## Brief
In the entries below, which lines run from the one containing "Used 2024 Toyota RAV4 Limited image 36" to the one containing "卫衣的n种穿法你学会了吗,卫衣的4个搭配方法太时髦了"? Copy exactly those lines, ends included, and no others.
===
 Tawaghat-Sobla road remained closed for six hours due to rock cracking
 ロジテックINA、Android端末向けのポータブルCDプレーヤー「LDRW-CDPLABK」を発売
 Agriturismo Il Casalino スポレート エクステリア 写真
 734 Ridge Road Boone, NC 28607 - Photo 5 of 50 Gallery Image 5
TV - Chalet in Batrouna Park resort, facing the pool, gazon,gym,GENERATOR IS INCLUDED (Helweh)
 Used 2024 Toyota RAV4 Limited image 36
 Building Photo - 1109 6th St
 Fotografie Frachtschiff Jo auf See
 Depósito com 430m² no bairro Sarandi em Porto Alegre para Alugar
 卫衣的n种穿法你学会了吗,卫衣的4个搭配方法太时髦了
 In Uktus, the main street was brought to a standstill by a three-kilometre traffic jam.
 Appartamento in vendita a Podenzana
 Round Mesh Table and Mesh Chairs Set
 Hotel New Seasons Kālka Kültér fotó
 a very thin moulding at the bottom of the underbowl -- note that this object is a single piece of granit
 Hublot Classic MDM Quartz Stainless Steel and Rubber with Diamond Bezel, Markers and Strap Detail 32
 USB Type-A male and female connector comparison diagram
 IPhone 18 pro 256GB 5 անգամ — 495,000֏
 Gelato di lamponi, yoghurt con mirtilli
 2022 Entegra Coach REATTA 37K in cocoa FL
===
## Exercise result
 Used 2024 Toyota RAV4 Limited image 36
 Building Photo - 1109 6th St
 Fotografie Frachtschiff Jo auf See
 Depósito com 430m² no bairro Sarandi em Porto Alegre para Alugar
 卫衣的n种穿法你学会了吗,卫衣的4个搭配方法太时髦了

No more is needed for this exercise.